Arrested Development

A Reporter's Personal Encounter With An Alleged Mutilation Killer

By Karen Brandel

IN A JANUARY 1995 story, The Weekly was first to identify former Tucson resident Lemuel Prion as the prime suspect in the mutilation/murder of 19-year-old Diana Vicari.

Her severed arms were found October 24, 1992, in a downtown dumpster. The rest of Vicari's body was never found.

Last week, a Pima County grand jury indicted Prion, charging he killed Vicari.

Currents After The Weekly identified him, Prion showed a great deal of interest in corresponding with the reporter who wrote the story. Eventually he was writing daily and trying to telephone weekly. His correspondence revealed a very different personality than what detectives had described.

In their interviews with him, Prion changed moods wildly, leading more than one investigator to speculate about a possible split personality or multiple personalities. But the more likely truth is that Prion is simply a master of manipulation.

For example, last year, his father stated Prion "acted crazy" because he wanted to be sent to Utah State Hospital rather than to prison. Indeed, a Utah judge eventually sentenced Prion to hospital treatment after he assaulted his father and was found to possess drug paraphernalia.

But the hospital was a bitter disappointment, Prion confided to a reporter, and he added he thought prison might be preferable, because at least he could work out with weights there.

Shortly after he made that statement, Prion's tantrums at the state hospital increased in frequency until hospital staff concluded they could no longer help him.

Authorities transferred him to the Vernal County (Utah) jail to await a judge's decision on whether to parole him to a halfway house, or force him to finish his sentence at Utah State Prison.

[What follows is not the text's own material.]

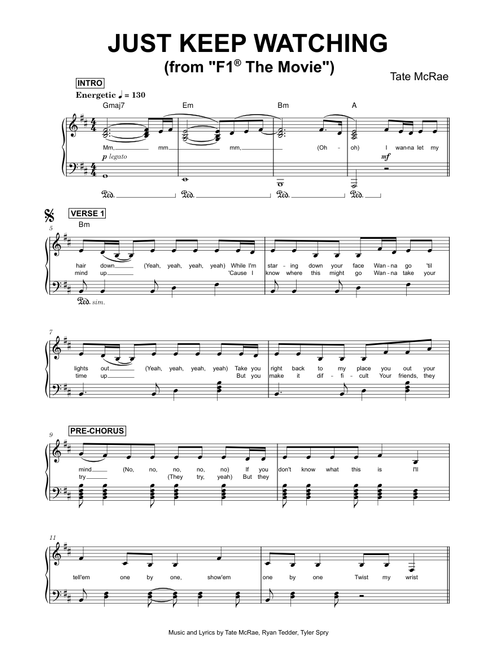 Just Keep Watching (From F1® The Movie) - Tate McRae (Piano)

While he was in the county jail, family members told Prion about The Weekly's story about him. The reporter had never asked Prion point-blank about Diana Vicari, However, he ended a telephone conversation by sobbing that he felt sorry for Diana, and mentioned that she was very pretty. He quickly added that he'd seen her picture in the newspaper. He never mentioned the fact that Tucson detectives had shown him her photo.

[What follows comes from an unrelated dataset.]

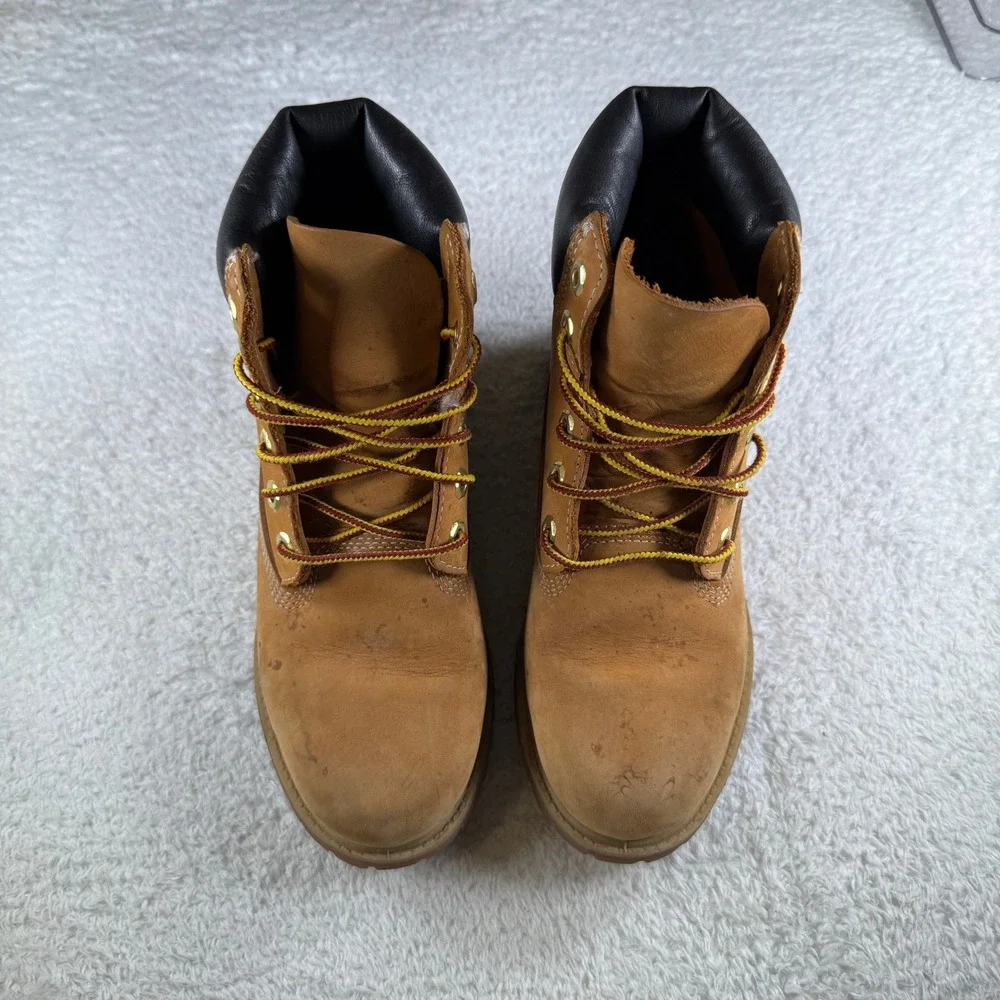 Timberland 6 Inch Premium Waterproof Boots Wheat Nubuck Leather 6.5 M / 8 W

On March 14 Prion was sent to Utah State Prison to finish his sentence; the judge also ordered that he remain on medications prescribed at the hospital. But before all the red tape of his transfer could be unraveled, Prion zeroed in on the prison physicians, complaining that he was on too much medicine. They conceded, eventually prescribing only the antidepressant Zoloft and an anti-inflammatory agent. The monotone quality of his voice soon lifted.

During this period, he wrote to the reporter about his self-destructive tendencies, blaming these mostly on his father. Amazingly, Prion even reasoned the brutal rapes he'd been convicted for in the past were actually self-destructive--because they got him into trouble. He never once mentioned the considerable pain and suffering he caused his victims.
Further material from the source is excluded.